Overview
About four-in-ten Americans (43%) have followed news about the attacks on U.S. embassies in the Middle East and the killing of an American ambassador very closely, making it by far the most closely followed foreign news story of the year.
Those who have followed this story have much more positive opinions about Barack Obama’s handling of the situation than Mitt Romney’s comments on the crisis. Nearly half (45%) approve of Obama’s handling of the recent attacks on U.S. embassies and the killing of the U.S. ambassador in Libya; 36% disapprove of Obama’s handling of this situation.
In contrast, only about a quarter (26%) of those who have tracked news on turmoil in the Middle East approve of Romney’s comments on the situation; nearly half (48%) disapprove.

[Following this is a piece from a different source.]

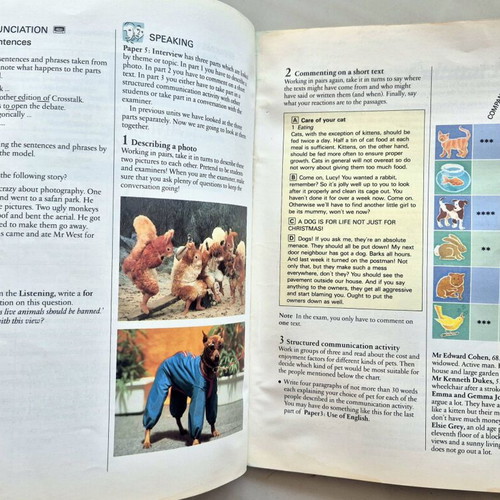 Think First Certificate English learning book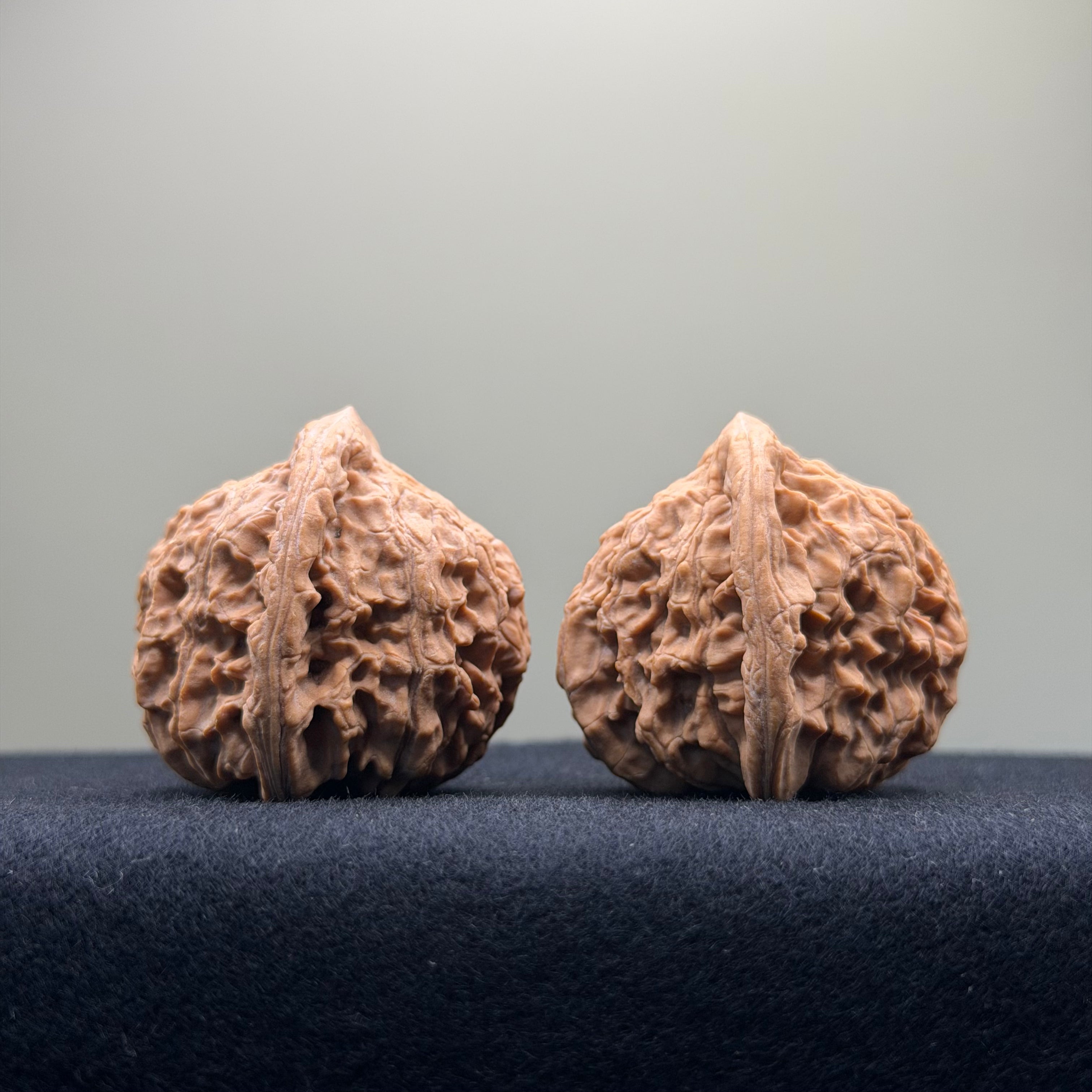 Red Lion Wenwan Walnut · 37mm · Natural · Entry Ritual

The latest national survey by the Pew Research Center for the People & the Press, conducted Sept. 13-16 among 1,001 adults, finds that public interest in the presidential campaign has increased sharply in the past week. Currently, 42% say they are following news about the presidential candidates very closely, up from 31% a week earlier, immediately after the party conventions.
As many followed the recent spate of attacks on U.S. embassies in the Middle East and the killing of U.S. Ambassador Christopher Stevens very closely (43%) as tracked campaign news very closely (42%). News interest in events in the Middle East is as high today as it was in the early days of the “Arab spring” last year, or when the U.S. and its allies launched air strikes on Libya in April 2011. (For more, see “Interest in Foreign News Declines,” June 6, 2012.)
Across most demographic groups, far more of those who followed news about the embassy attacks approve of Obama’s handling of the situation than approve of Romney’s statements on the crisis. And while 75% of Democrats approve of Obama’s handling of Middle East turmoil, fewer Republicans (58%) approve of Romney’s comments on the situation.
Nearly identical percentages of those who have followed the situation very closely and those have followed it less closely approve of Obama’s handling of the situation (46% and 44%, respectively). However, disapproval of Obama’s performance is much higher among those who have followed Mideast turmoil very closely (43%) than those who have followed it less closely (29%).
Romney gets higher marks among those who have followed Middle East events very closely than among those who followed them less closely. Even among this group, however, more disapprove (49%) than approve (34%) of his comments on the situation.
There are only modest partisan differences in attentiveness to the recent attacks on the embassies and the killing of the U.S. ambassador: 48% of Republicans, 41% of Democrats and 45% of independents have followed this story very closely.